This is my response to a blog written by Trish Vradenburg from USAAgainstAlzheimer's.

Trish Vrandenburg recently asked why are women more likely to develop Alzheimer's disease than men.  The answer mainly lies in that post-menopausal women have higher levels of serum nitric oxide than men.

 http://link.springer.com/article/10.1007/s00404-014-3338-x

 http://www.ncbi.nlm.nih.gov/pubmed/20505437

Estrogen reduces levels of myo-inositol which is the precursor to inducible nitric oxide and superoxides which combine to form peroxynitrite--the primary oxidant in Alzheimer's disease.  In post-menopausal women, levels of inducible nitric oxide, superoxides, and peroxynitrite increase.  However, it is not simply a matter of hormone replacement therapy as estrogen activates a g protein-coupled receptor and overactivation of these receptors is one of the triggers for Alzheimer's disease.

Please take a moment to consider the following.  Through oxidation and nitration, peroxynitrite inhibits the synthesis and release of neurotransmitters involved in short-term memory, sleep, mood, social recognition, and alertness, inhibits the transport of glucose and limits the flow of blood in the brain which can lead to delusions, inhibits the regeneration of neurons, and contributes via caspase 3 to the death of neurons.  Where g protein-coupled receptor activity remains high (the ApoE4 gene and stress), hallucinations are possible.  Peroxynitrite scavengers not only lower peroxynitrite levels, they partially reverse oxidation and nitration--which helps improve some forms of short-term memory (object recognition, repetitive memory, recognition of places, for instance), sleep, mood, social recognition, and alertness.  Some peroxynitrite scavengers such as ferulic acid by binding to myo-inositol also helps to reduce pyschological and behavioral problems.  Thus, peroxynitrite scavengers such as eugenol in various essential oils (Jimbo, 2009), ferulic acid, syringic acid, vanillin, p-coumaric acid, and maltol in Korean red ginseng and heat processed ginseng  (Heo 2011 and 2012) and THC at low levels and cannabidiol have helped in the treatment of Alzheimer's disease (Shelef, 2016, Cheng 2014).

Estrogen seems to be preventative in regard to AD. Pathology tends to increase after menopause (as I recall reading in the research), but estrogen replacement therapy doesn't seem to help. Here is another connection. Perhaps this also connects to nitric oxide or peroxynitrite.

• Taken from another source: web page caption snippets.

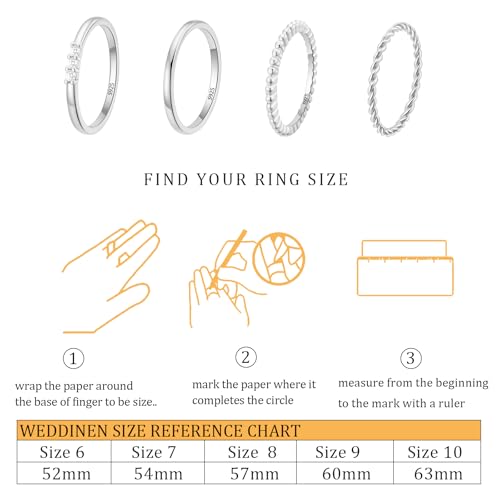 WEDDINEN 4PC Gold Rings for Women, S925 Sterling Silver 14k Gold Filled Plated Stackable Thin Thumb Ring Set Cubic Zirconia Dainty Stack Gold Knuckle Rings Set Size 6-103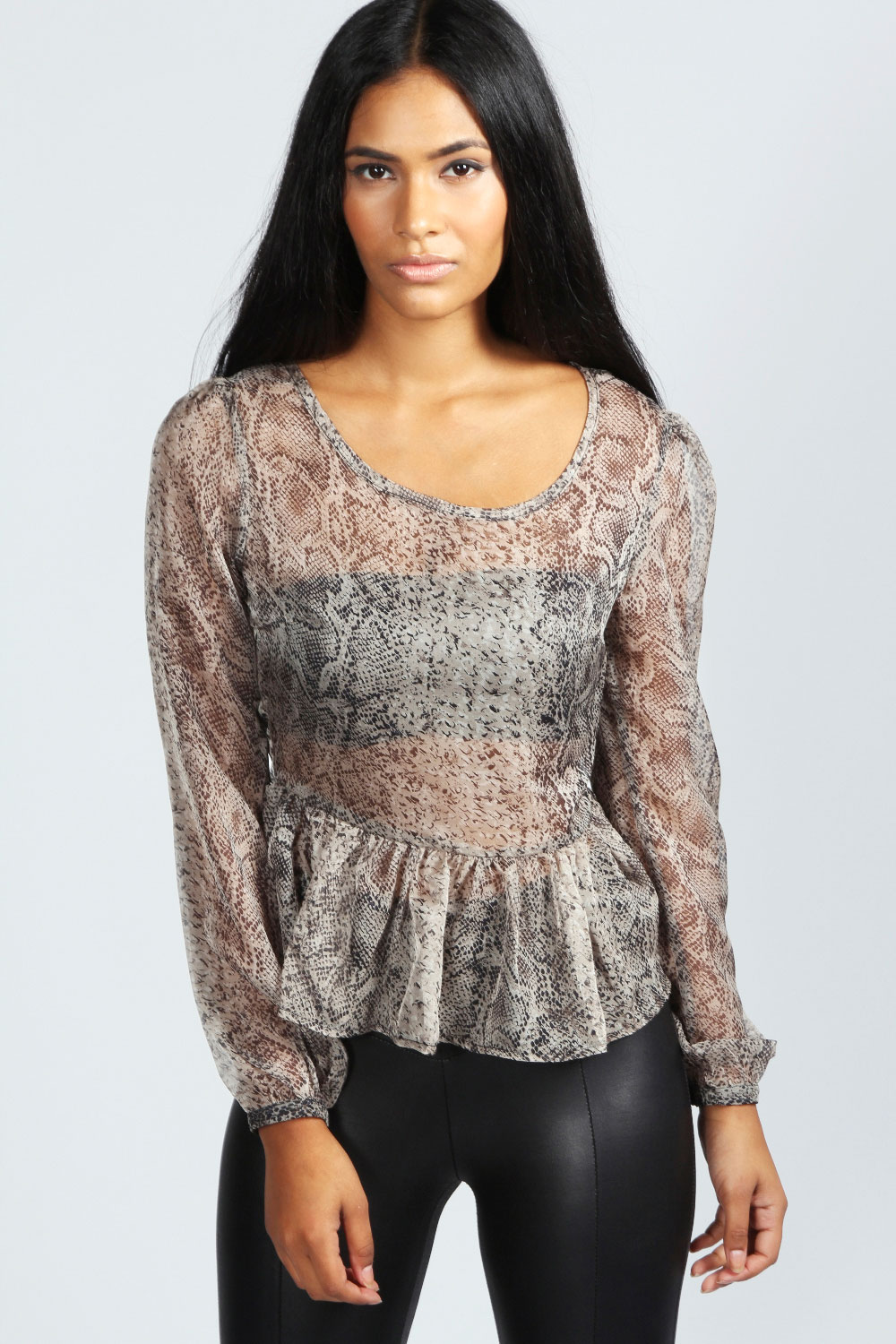 Emma Long Sleeve Snakeskin Peplum Blouse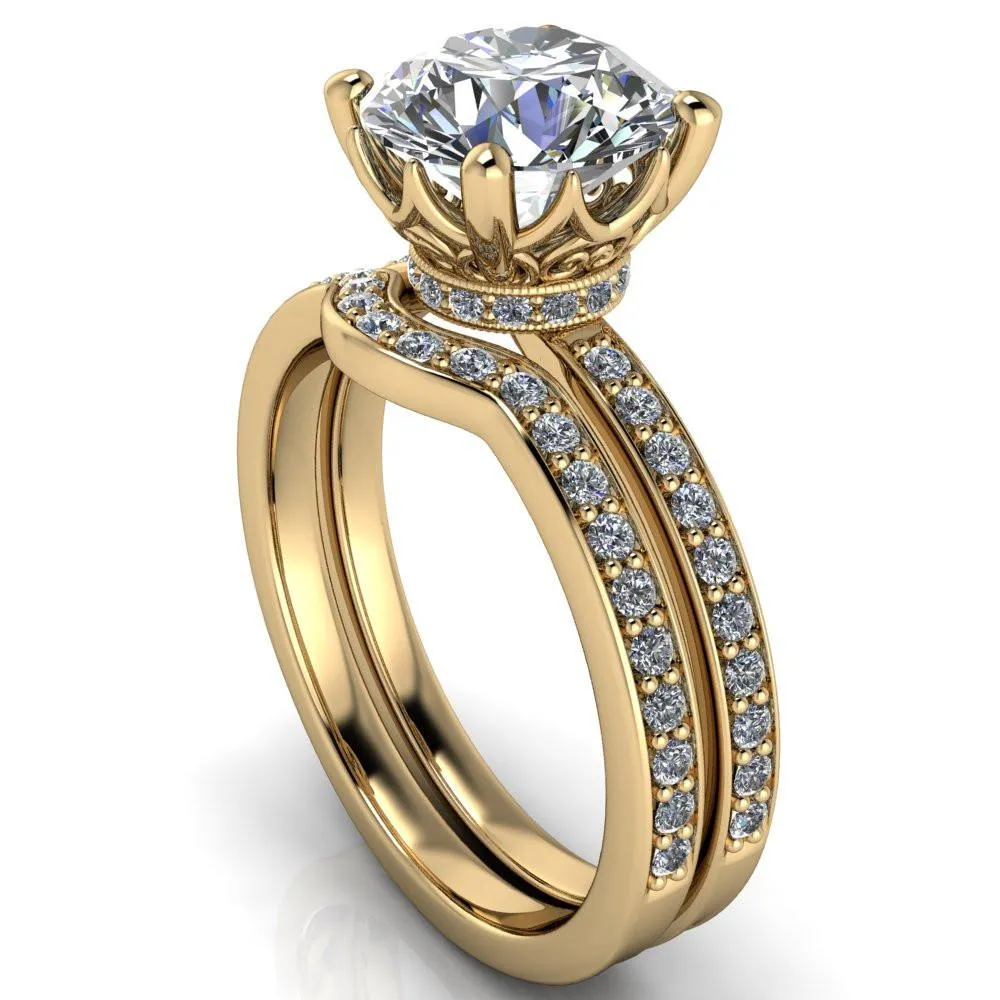 Sasha Round Center Stone Filigree Basket Design & Diamond Neck and Shoulders Ring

 27-Hydroxycholesterol in Human Physiology through the Modulation of Estrogen Receptor Function

"we discovered that 27HC binds to ER and acts as an endogenous inhibitor of ER action in the vasculature. It turned out that the effects by 27HC are tissue-specific, thus 27HC is the first identified endogenous selective estrogen receptor modulator, or SERM. The serum 27HC levels correlate well with cholesterol levels and also rise progressively with age. We have been investigating the pathophysiologic implications of the findings on the oxysterol in vitro and in vivo. We hope to develop a new therapeutic approach towards modulating 27HC levels to treat cholesterol- and/or estrogen receptor-mediated diseases such as cardiovascular diseases, bone weakening called osteoporosis, cancer and metabolic diseases."

I am going to look more into the possible estrogen connections to Alzheimer's disease, but here are two: one positive and the other with age and oxidative stress negative.

The researchers found that women who had been treated with tamoxifen had lower levels of myo-inositol in the brain than the untreated women. Women who took estrogen also had lower levels of the chemical.

Rapid Signaling of Estrogen in Hypothalamic Neurons Involves a Novel G-Protein-Coupled Estrogen Receptor that Activates Protein Kinase C

Here are a couple of other reasons why women are more likely to get Alzheimer's disease than men.

"Levothyroxine acts upon a G-protein-coupled transmembrane receptor."  Now for a person taking levothyroxine and who has the ApoE4 gene it is a double whammy because not only is levothyroxine increasing g protein signalling via a g protein-coupled receptor but ApoE4 is increasing (via LRP1)  g protein signalling independent of that receptor.

Now if someone takes Fosamax or some of the other biphosphonate osteoporosis drugs to counteract the effects of levothyroxine then yet another problem arises.

The inhibitory effect of alendronate, a nitrogen-containing bisphosphonate on the PI3K-Akt-NFkappaB pathway in osteosarcoma cells.

The present findings demonstrate that alendronate inhibited the PI3K-Akt-NFkappaB cell survival pathway at the point of PI3K activation, thus indicating the presence of new targets of alendronate.

So not only do postmenopausal women have high levels of myo-inositol (due to declining estrogen levels) and ultimately higher levels of peroxynitrite than most men and pre-menopausal women, they are also at greater risk for Alzheimer's disease because certain drugs for hypothyroidism and osteoporosis are increasing peroxynitrite levels even more.